Entered according to Act of Congress, in the year 1859, by
ALEXANDER M. BURRILL,

In the Clerk's office of the District Court of the United States for the Southern District of New York.

TO THE

243

DEAR SIR,

HON. WILLIAM KENT, LL. D.

I am sensible of a peculiar propriety in availing myself of your permission to inscribe to you the following work. It embodies (in however imperfect a form) the results of studies which received their earliest impulse and direction under the eye of your venerated father, and it is chiefly designed for use in a profession, in the practical duties of which I first received instruction from yourself. Knowing that, in you, professional eminence has ever been accompanied and adorned by the accomplishments of literature, I feel the less hesitation in offering to your notice a work which, in its general scope and bearing, belongs, perhaps, quite as much to the department of literature as to that of law.

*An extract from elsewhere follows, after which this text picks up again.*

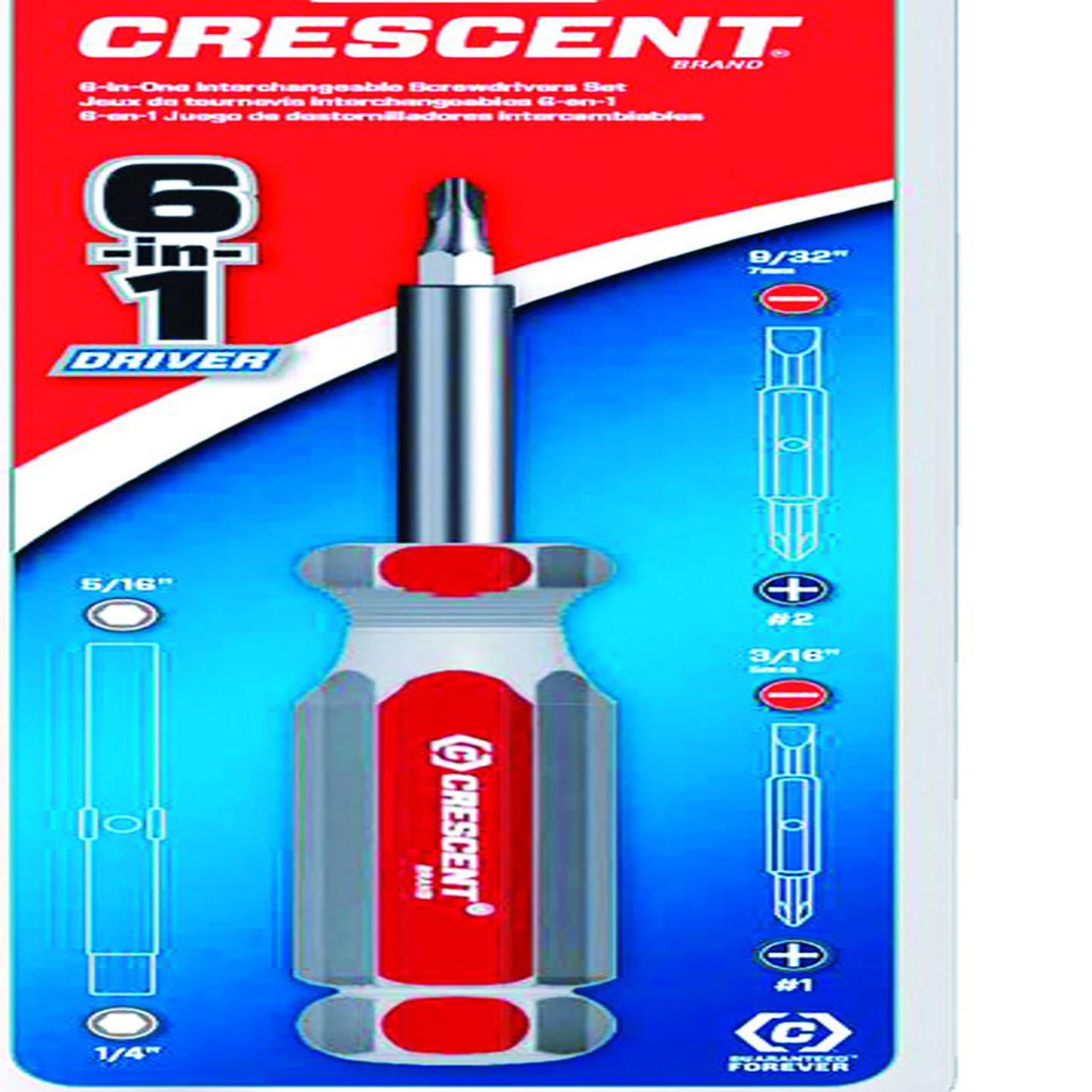 6-in-1 Screwdriver With Acetate Handle And Chrome Plated Shaft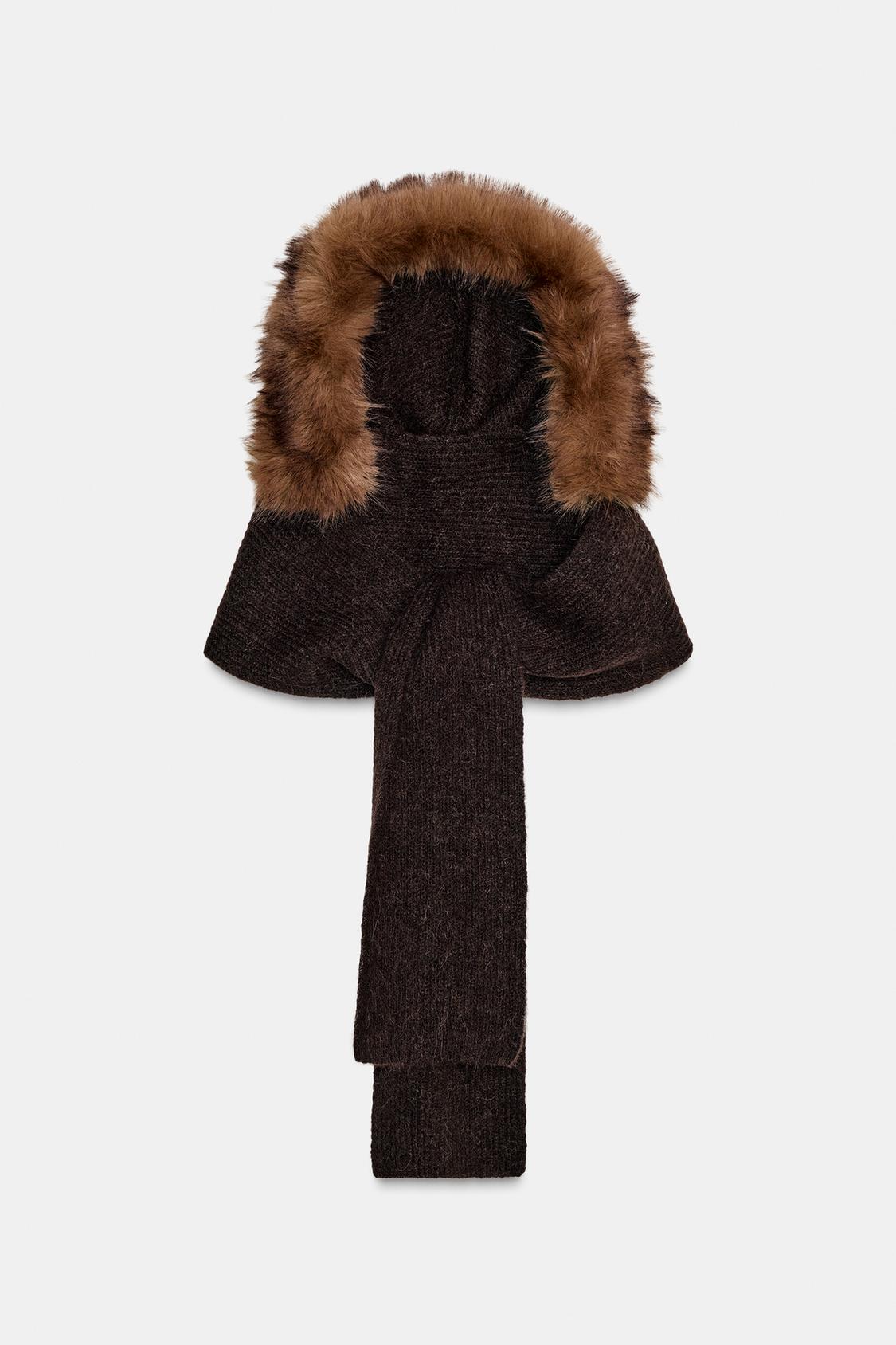 FAUX FUR SCARF HOOD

Knowing, too, that you are not one of those who, in their desire for improvement, would dissever the science of jurisprudence from its close dependence on the wisdom and learning of the past, I have hoped that you would not view with disapprobation or distaste the frequent references its pages contain to the lore of an almost forgotten age. But my highest satisfaction is in dedicating it to you, as a testimonial of personal esteem and regard, and as an expression of my sense of the unvarying kindness I have ever experienced at your hands.

With every wish for your future happiness, and with sentiments of the greatest respect,

I remain faithfully,

Your friend and servant,

ALEX. M. BURRILL.

New-York, DEC. 20th, 1950.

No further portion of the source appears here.